Serendipity best describes how I wound up as a contributor. In the fall of 2022 I had gone back to the Annapolis Sailboat Show by myself for a second day, having made all the rounds with Peter earlier that weekend. I wasn't even certain why I was back there again. Except that I had taken an inspiring class with the indomitable Lin Pardey wherein she taught us about writing, blogging, and vlogging as ways to earn income while cruising and traveling. And prodded by her encouragement, I followed up on my self-assigned action item, talking to every one of the boat-related publishers about what kind of content they need and how to submit stories.

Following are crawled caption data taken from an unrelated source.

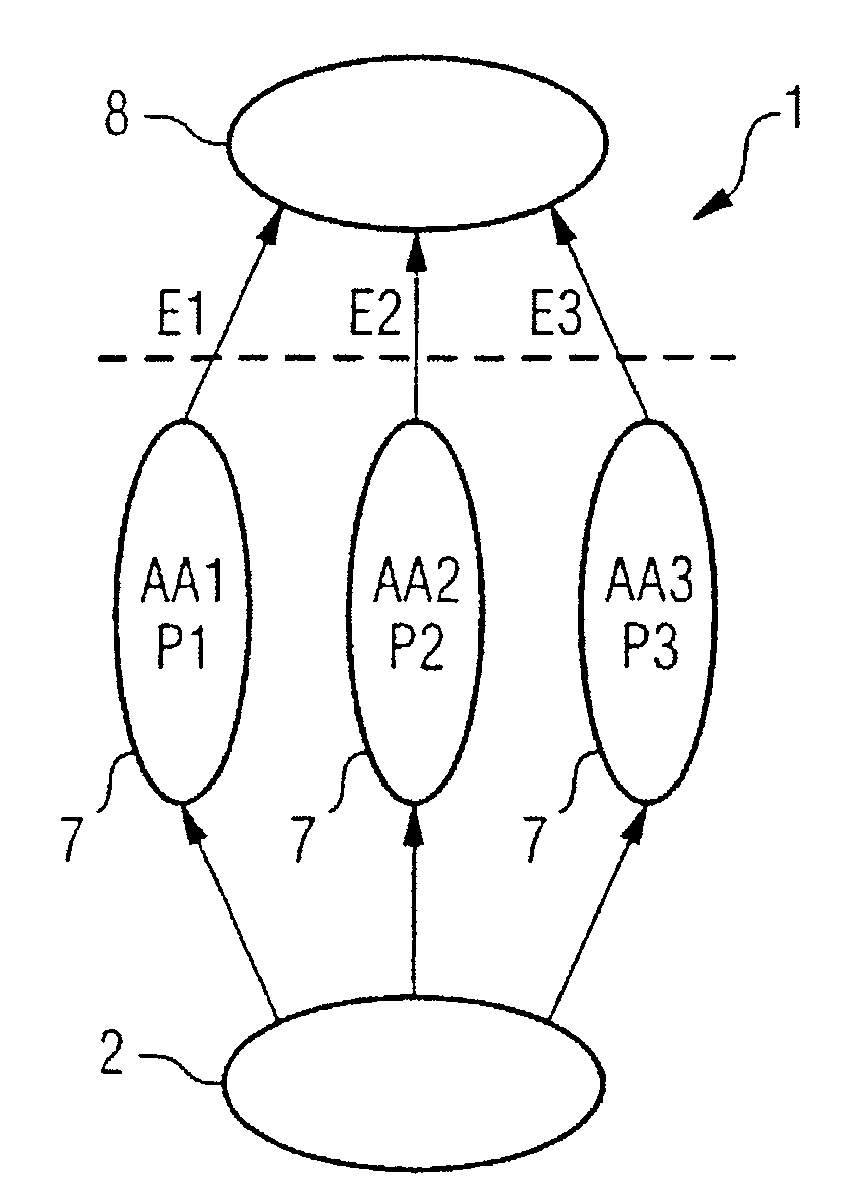 Method and device for determining prosodic markers by neural autoassociators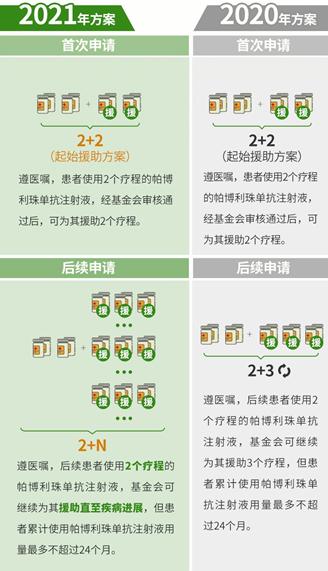 k药最新赠药政策,免费赠药活动公告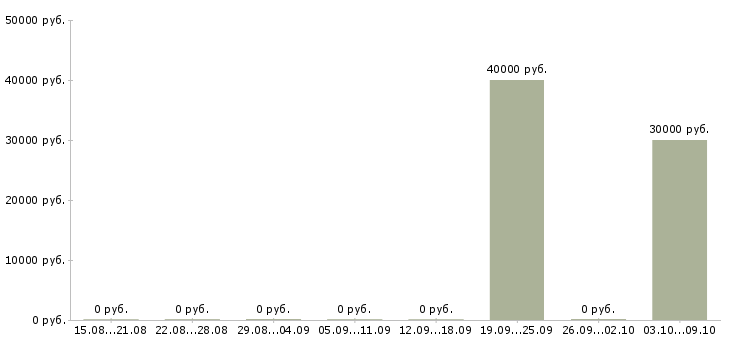 Вакансии мастер на пищевое производство Нижний новгород - Медиана зарплат мастер на пищевое производство Нижний новгород за 2 месяца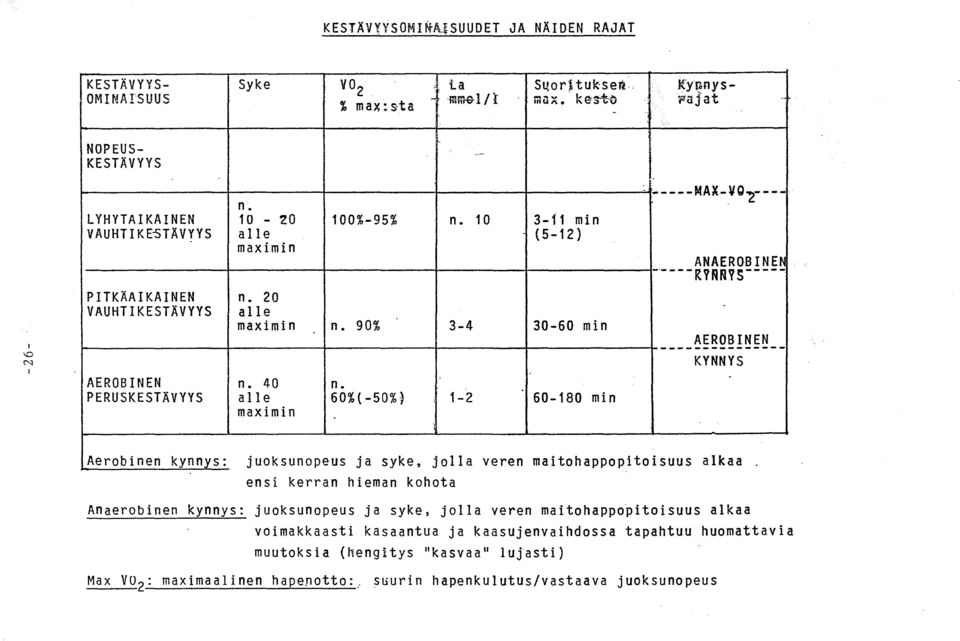 RYNIUS AEROBINEN KYNNYS Aerobinen kynnys: juoksunopeus ja syke jolla veren maitohappopitoisuus alkaa ensi kerran hieman kohota Anaerobinen kynnys: juoksunopeus ja syke jolla veren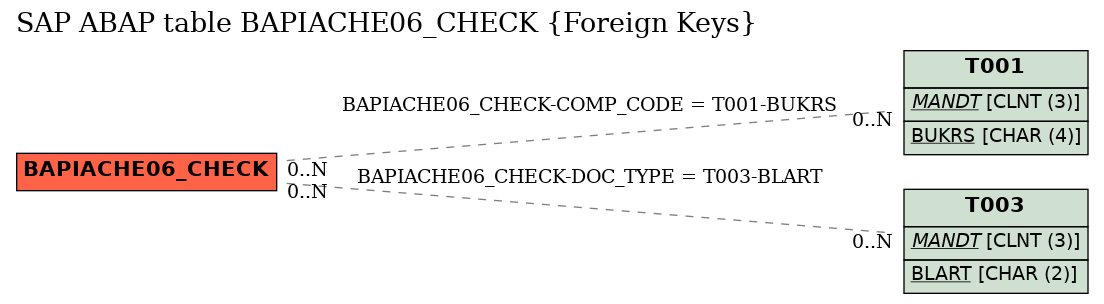 E-R Diagram for table BAPIACHE06_CHECK (Foreign Keys)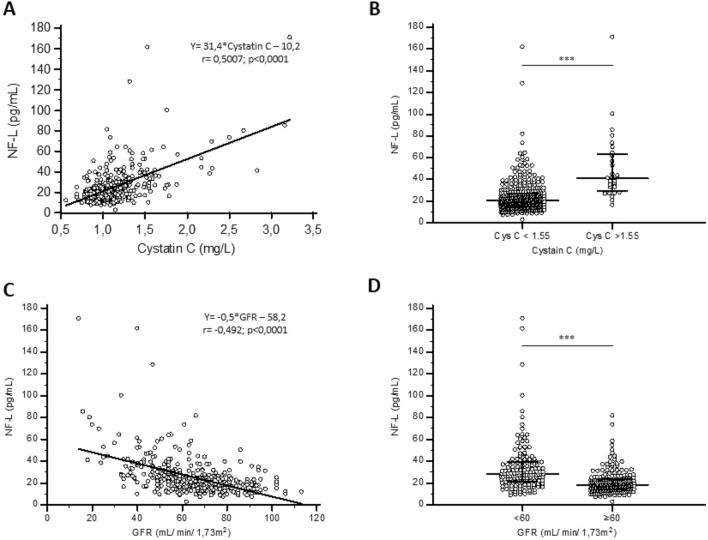 https://cdn.ncbi.nlm.nih.gov/pmc/blobs/7753/8847291/33173f2729ff/40520_2021_2054_Fig2_HTML.jpg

My secondary mission was to find the NOAA booth and tell them about a charting error. NOAA is the government agency responsible for collecting and providing all weather, climate, and nautical charting data for free to third-party vendors who create applications and other resources. I was tapping away at my iPad with two of the NOAA reps, annoyed that the Sharps Island Lighthouse — a huge, abandoned light at the mouth of the Choptank River in the Chesapeake Bay, which we nicknamed "Cattywampus Light" because of its tilt due to ice damage — has no label or description in their new and evolving ENC vector-based charts, when who walks up but Ed Tillett, Editor-in-Chief of Waterway Guide. I'd met Ed in an earlier class he taught about weather forecasting apps, and I knew we think the same way about nautical applications – they're only as good as the data that feeds them, and vastly differ in their implementation. Ed grasped the details of my complaint, and was clearly amused that I was boldly bending the ears of those poor NOAA staffers about the beleaguered lighthouse.

Sharps Island Lighthouse
Sharps Island Warning Daybeacon
Lighthouse not labeled and not obvious

Ed and I talked later that day. What started as a nerdy conversation that went down the rabbit hole of nautical charting apps and their pros and cons, eventually ended in Ed asking me "What are you doing these days? I might have work for you." I replied that I was freelancing, though the truth was I had just quit the full-time corporate world and was fumbling around trying to piece together enough part-time gigs to afford my mortgage and COBRA health insurance payments (come to think of it, yeah, that's a pretty accurate glimpse of "freelancing"). Ed explained that Waterway Guide updates their content annually. The painstaking work is done by a team of editors each responsible for their own piece, be it anchorages, dockage/moorings, cautions/alerts for hazards, or height and opening schedule of all drawbridges. The area that needed my attention was Navigation.  Navigation sections describe how to best pilot a boat to many of the resources listed, using aids to navigation (ATONs) and other info on nautical charts. My mission, should I choose to accept it, would be to validate and fact-check all Navigation paragraphs using the best and most recent charts available, cross-referencing between resources as necessary. It would be "armchair" navigation, given that I can't physically take a boat along the entire route described in one of their books. (Waterway Guide does employ Cruising Editors, who may contribute actual ground-truthing from their boats, but realistically they can't cover all their territory every year… especially not in time for a press date.)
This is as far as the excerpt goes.